About this exercise = Produce an exact copy of all the data below, dropping every image.

Data block =
Segment Open

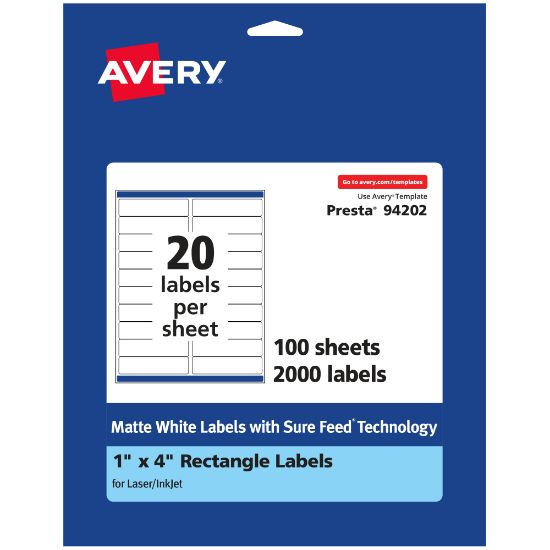 Picture of Avery Permanent Labels With Sure Feed, 94202-WMP100, Rectangle, 1in x 4in, White, Pack Of 2,000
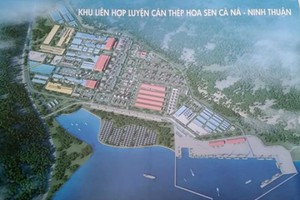 Phối cảnh thiết kế mặt bằng xây dự khu liên hợp dự án thép Hoa Sen Cà Ná - Ninh Thuận. Ảnh: T.P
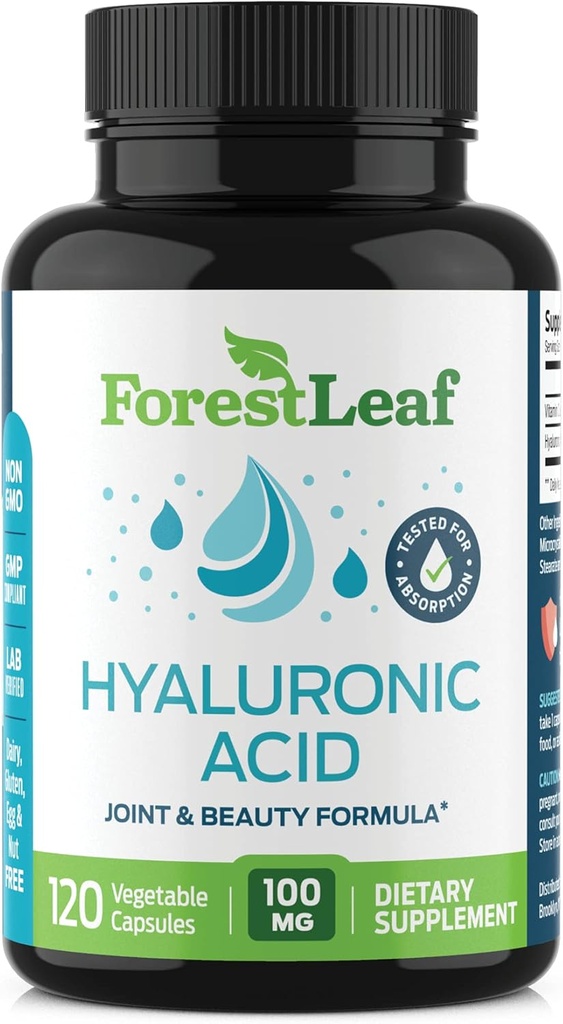 ForestLeaf Hyaluronicの酸の補足  100mg高いBioavailableの食事療法のHyaluronic酸の粉のカプセル+ 50mg VIT Cの サポート皮の水和、接合箇所の潤滑、反老化、毛及び釘  120の帽子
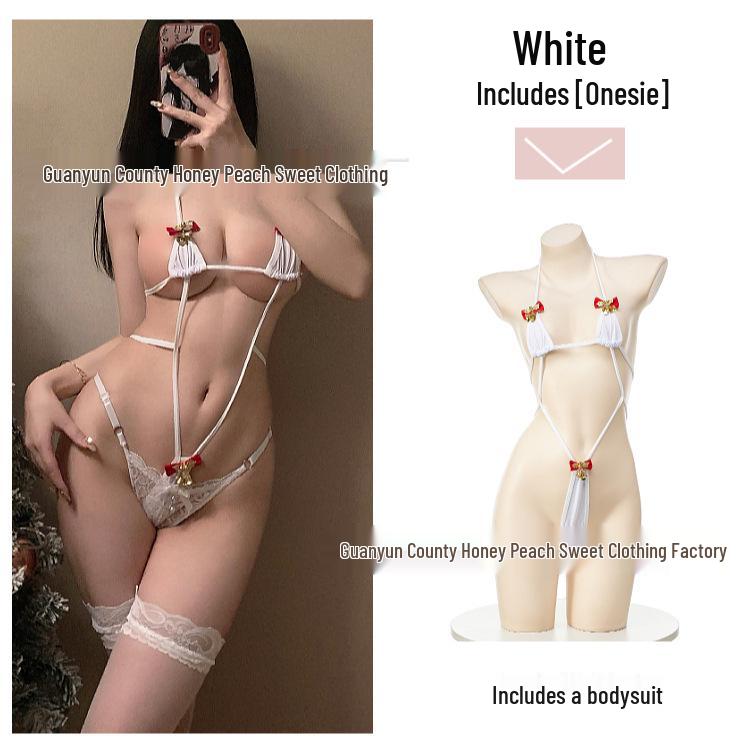 Seductive Lace-up Christmas Bodysuit: Sexy Jingle Bell Bikini Sleepwear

Segment Closed

Solution for this exercise =
 Picture of Avery Permanent Labels With Sure Feed, 94202-WMP100, Rectangle, 1in x 4in, White, Pack Of 2,000
 Phối cảnh thiết kế mặt bằng xây dự khu liên hợp dự án thép Hoa Sen Cà Ná - Ninh Thuận. Ảnh: T.P
 ForestLeaf Hyaluronicの酸の補足  100mg高いBioavailableの食事療法のHyaluronic酸の粉のカプセル+ 50mg VIT Cの サポート皮の水和、接合箇所の潤滑、反老化、毛及び釘  120の帽子
 Seductive Lace-up Christmas Bodysuit: Sexy Jingle Bell Bikini Sleepwear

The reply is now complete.